On the multi-day high mileage hikes the socks would certainly be damp at the end of the day, but were never soaked. I'd hang them on the ridgeline of my hammock overnight and they would be dry enough to hike in the following day. Another very important positive for me is that I never developed any blisters during the series. Boots, shoes and socks that lead to blisters go on my naughty list quickly!
IMAGE 3
Minnie Me! --He liked my socks!

They weren't too thick to or too thin, in my opinion. I usually choose a sock with a higher wool percentage in the material, but I was happy with the way the socks performed even with the 17% wool. The Fresh Guard minimized odor. They definitely had a scent to them after three or four days on the trail, but they weren't repulsive!

I have large calves and typically the elastic gives out and the socks will begin to slip down to my ankles before they wear thin. The elastic is still holding strong to date.
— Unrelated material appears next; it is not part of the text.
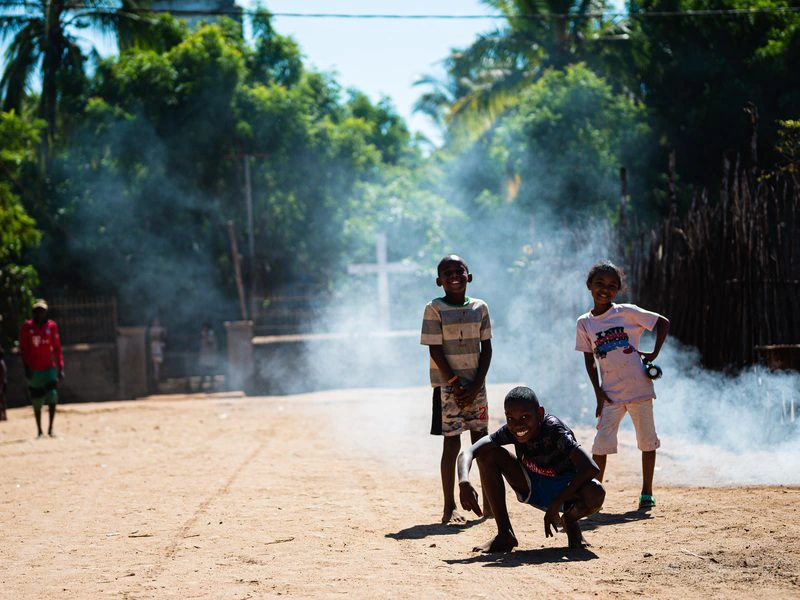 Madagascar lokale kinderen aan het spelen in Belo Sur Tsiribinha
As mentioned in my Initial Report, Wigwam sent three pair of socks for testing. As a reminder, I followed this protocol: "a pair to wear, a pair as a spare...and a pair to compare". I rarely used my 'spare pair' as I didn't feel I needed them on the trail. So now that the series is ending I'm excited to start wearing both the minimally used pair and the completely unworn pair on a regular basis! I find them fashionable and comfortable to wear at work. I've received compliments on several occasions.
IMAGE 4
Comparison

SUMMARY

In summary, I was quite impressed with the Portland Pro socks and I look forward to continued wear both on the trail and to the office! I'd say the Peak2Pub moniker works for my continued use!

I had many roses to include: durability, blister-free, odor protection, comfort and fashion. As I feel compelled to say no product is perfect, the only thorn I can give is that they were a little damp after a full day on the trail, but that by no means is key negative!

I'd like to thank to Wigwam Mills and BackpackGearTest.org for the chance to test the Portland Pro socks.